2. The article of manufacture of claim 1, where the first
unallocated area and the second unallocated area are determined as
a function of a best fit selection strategy and where the first
unallocated area and the second unallocated area are determined as
a function of a spatial relationship with the allocated area.
3. The article of manufacture of claim 1, where the extent-based
file system is a distributed file system.
4. The article of manufacture of claim 1, the method comprising:
identifying two or more extents to be swapped from the allocated
area to an unallocated area; and controlling two or more processes
to swap the two or more extents in parallel as a transaction.
5. The article of manufacture of claim 1, the method comprising:
repeatedly identifying unallocated areas to receive extents and
swapping extents to the unallocated areas until no more unallocated
areas suitable for receiving an extent are available.
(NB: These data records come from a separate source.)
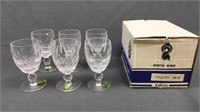 6pc Waterford Crystal White Wine Glasses In
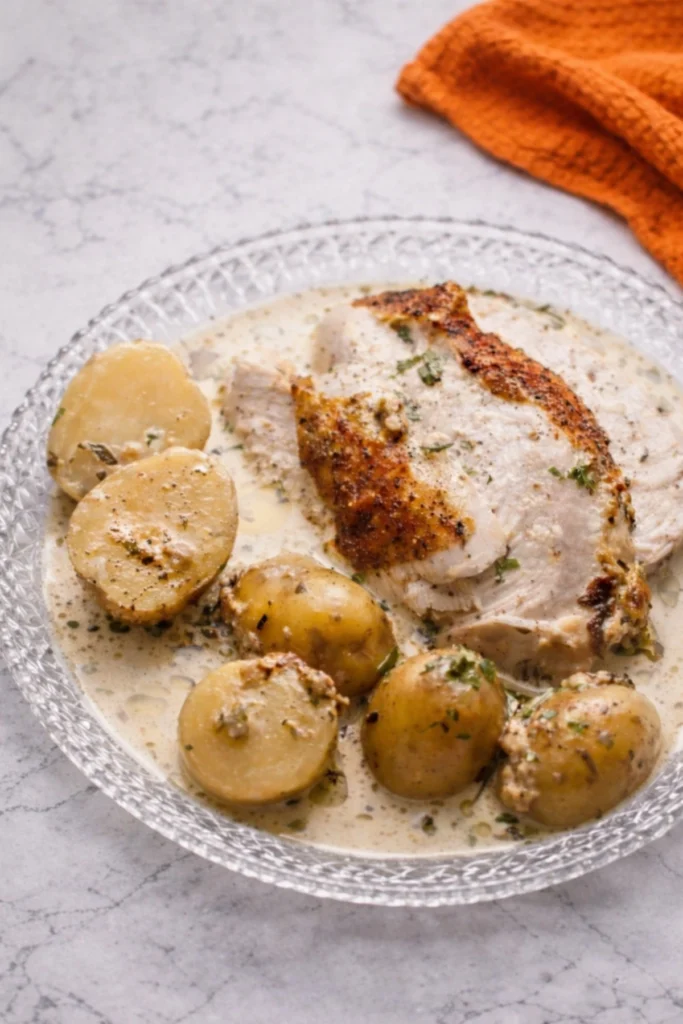 Plated creamy lemon and herb pot roasted chicken with baby potatoes in rich garlic cream sauce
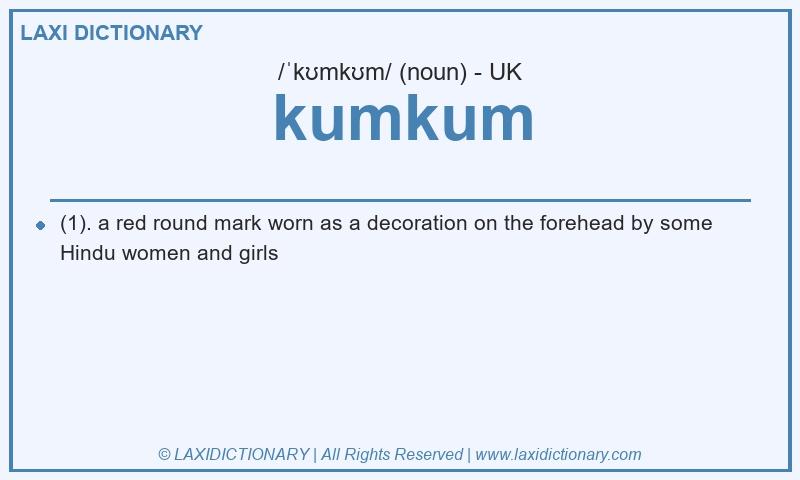 Definition kumkum in British English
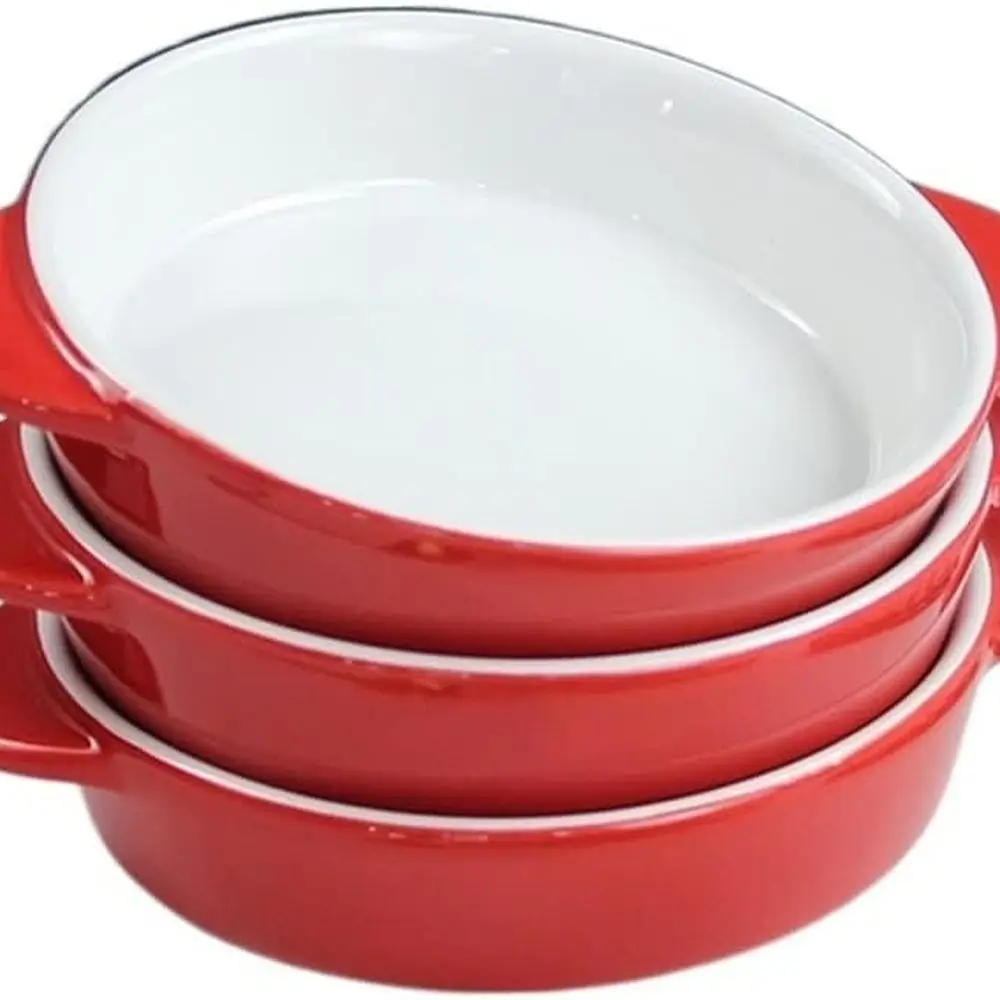 

Ceramic Nonstick Bakeware Set, 3-Piece Round Casserole Dishes for Cakes, Meals, and Everyday Use (Microwave Safe)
6. An article of manufacture, comprising: a computer readable
medium storing computer executable instructions that when executed
by a computer control the computer to perform a method, the method
comprising: accessing a first sorted set of information that
describes unallocated areas in a storage associated with a
distributed extent-based file system; accessing a second sorted set
of information that describes allocated areas in the storage, where
a member of the second set of information includes identifiers of
one or more extents in an allocated area of the storage associated
with the member; and repeating, while more than a threshold number
of extents are moved from an allocated area of the storage to an
unallocated area of the storage during a pass through the following
actions: TABLE-US-00001 { repeating, for members of the second set
of information, while more than a threshold number of extents are
moved from an allocated area of the storage associated with a
member to an unallocated area of the storage during a pass through
the following actions: ( selecting a member of the second sorted
set of information; selecting a first extent associated with the
member, where the first extent is the terminal extent at a first
end of the allocated area associated with the member; and upon
determining that an unallocated area large enough to store the
first extent exists in the storage and is located in a desired
region relative the first extent in storage: selectively moving the
first extent from the first end of the allocated area associated
with the member to the unallocated area in the desired region;
updating the first and second sets of information to indicate that
the allocated area from which the first extent was moved is now an
unallocated area; removing the first extent from the member;
updating the first and second sets of information to indicate that
the unallocated area to which the first extent was moved is now an
allocated area; adding the first extent to a member of the second
set of information corresponding to the allocated area to which the
first extent was moved; selecting a second extent associated with
the member, where the second extent is the terminal extent at a
second, opposite end of the allocated area associated with the
member; and upon determining that an unallocated area large enough
to store the second extent exists and is located in the desired
region in the storage: selectively moving the second extent from
the allocated area associated with the member to the unallocated
area in the desired region; updating the first set of information
to indicate that the allocated area from which the second extent
was moved is now an unallocated area; removing the second extent
from the member; updating the first set of information to indicate
that the unallocated area to which the second extent was moved is
now an allocated area; and adding the second extent to a member of
the first set of information corresponding to the allocated area to
which the second extent was moved; ) }.
7. The article of manufacture of claim 6, the method comprising:
creating the first sorted set of information from information
available concerning the extent based file system and the storage;
and creating the second sorted set of information from information
available concerning the extent based file system and the
storage.
8. The article of manufacture of claim 6, where the first sorted
set of information is arranged from lowest address to highest
address; where the second sorted set of information is arranged
from highest address to lowest address; where the first end is
located at the highest addressed end of the allocated area
associated with the member; and where the second end is located at
the lowest addressed end of the allocated area associated with the
member.
9. The article of manufacture of claim 8, where the desired region
is located before the lowest addressed extent associated with the
member.
10. The article of manufacture of claim 8, where the desired region
is located after the highest addressed extent associated with the
member.
11. The article of manufacture of claim 6, where the first sorted
set of information is arranged from highest address to lowest
address; where the second sorted set of information is arranged
from lowest address to highest address; where the first end is
located at the lowest addressed end of the allocated area
associated with the member; and where the second end is located at
the highest addressed end of the allocated area associated with the
member.
12. The article of manufacture of claim 7, where creating the first
sorted set of information comprises arranging the first sorted set
of information to be searchable using a best-fit search.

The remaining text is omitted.